EXTRACTED ENTRIES:
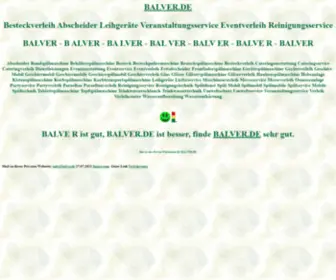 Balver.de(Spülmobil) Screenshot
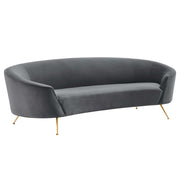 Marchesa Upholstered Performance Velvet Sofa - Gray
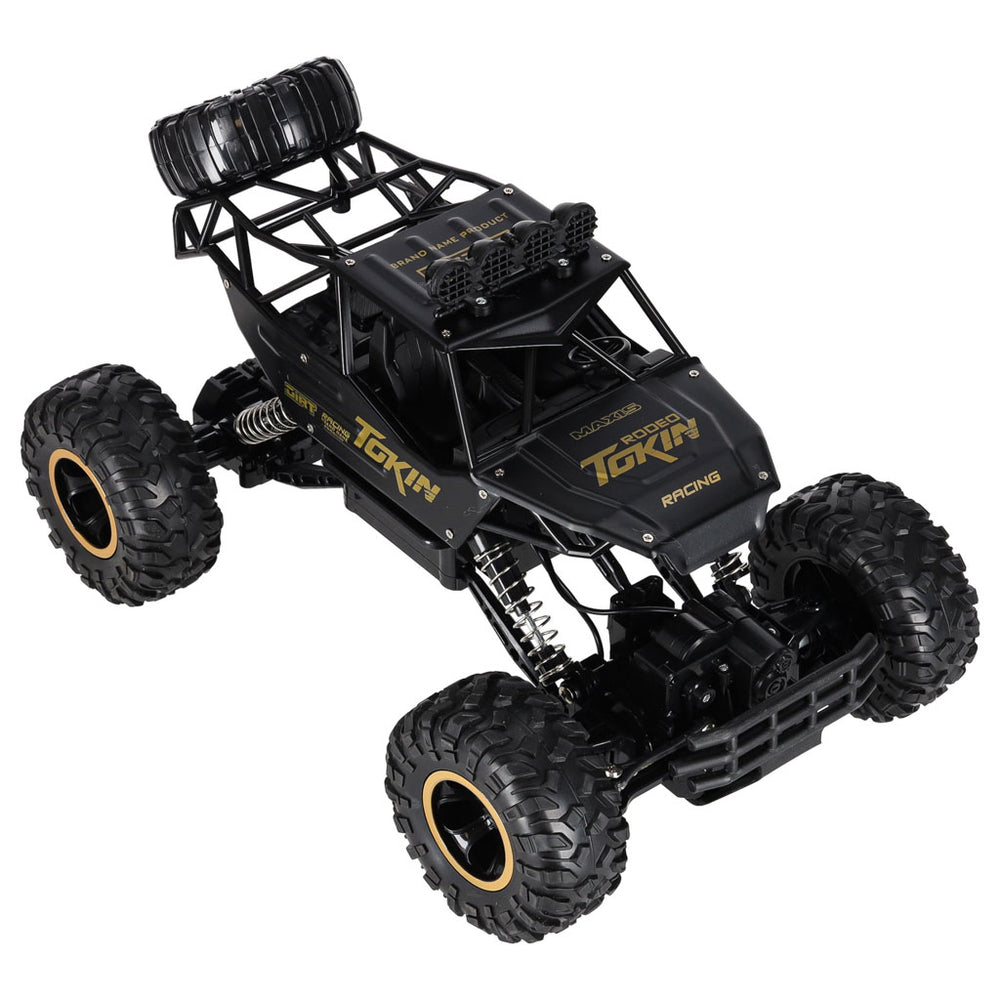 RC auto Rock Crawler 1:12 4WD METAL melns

==

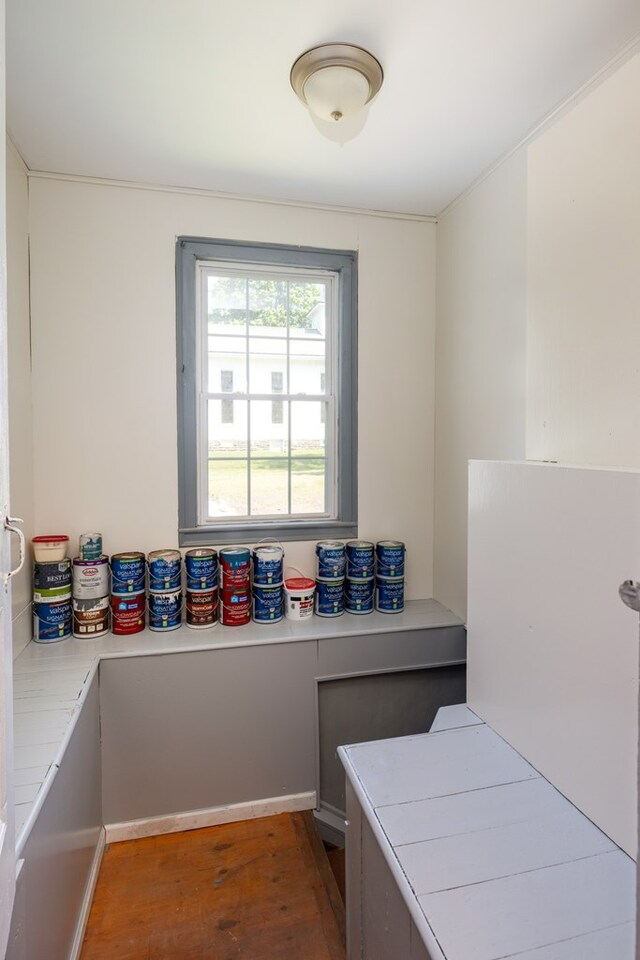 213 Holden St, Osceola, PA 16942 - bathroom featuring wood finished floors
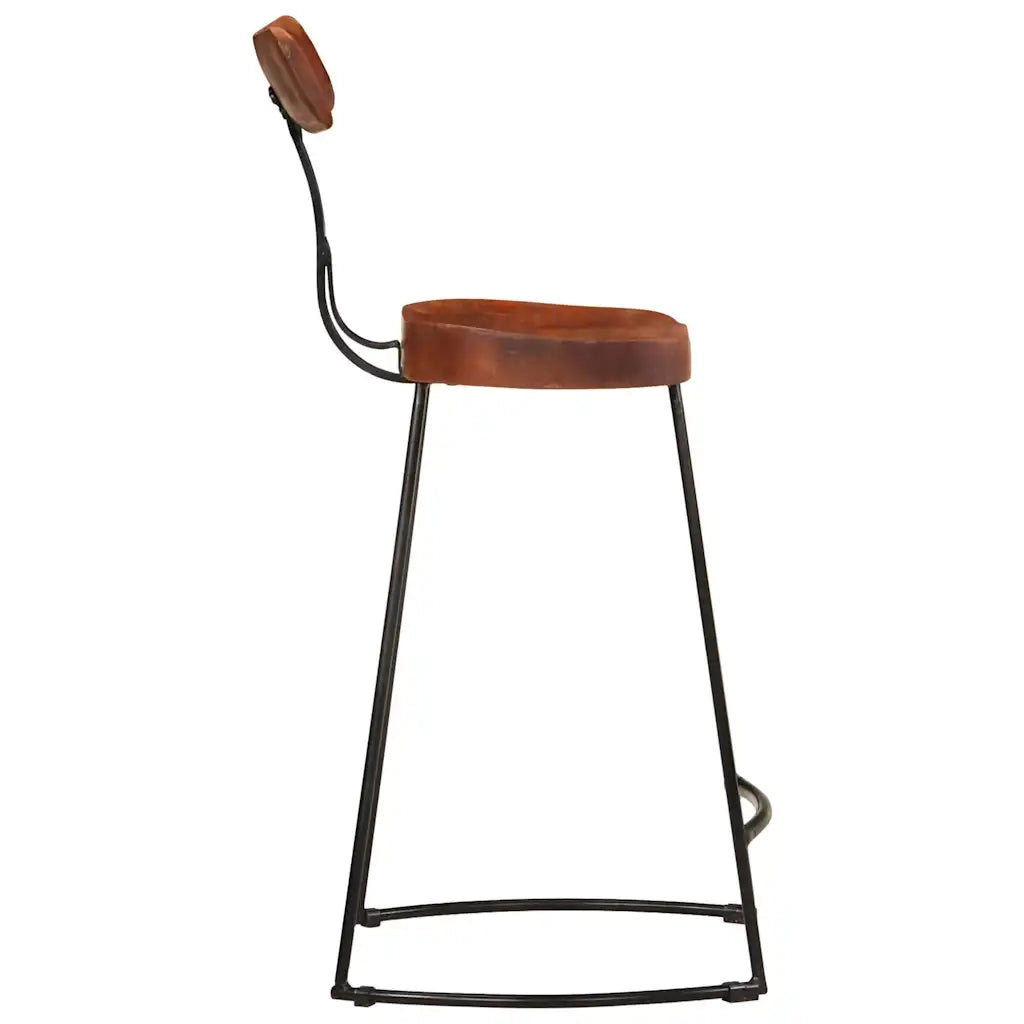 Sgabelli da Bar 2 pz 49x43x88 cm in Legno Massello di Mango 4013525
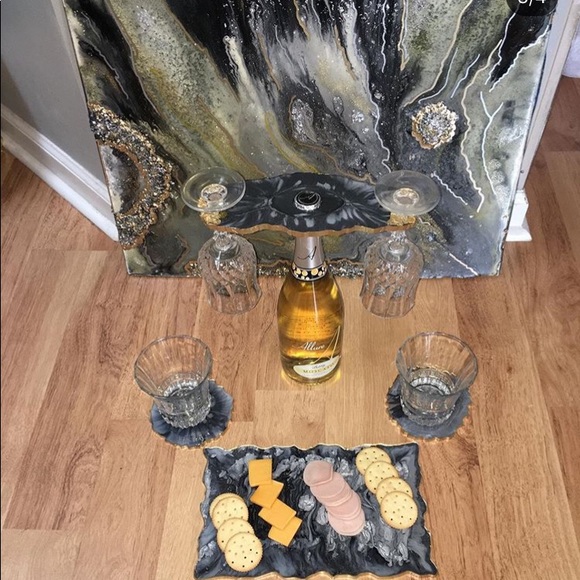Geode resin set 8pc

WORK TO COMPLETE:
Every line from the one with "Balver.de(Spülmobil) Screenshot" through the one with "RC auto Rock Crawler 1:12 4WD METAL melns" is to be reproduced exactly as written above, and the pictures are to be dropped.

ANSWER SPACE:
 Balver.de(Spülmobil) Screenshot
 Marchesa Upholstered Performance Velvet Sofa - Gray
 RC auto Rock Crawler 1:12 4WD METAL melns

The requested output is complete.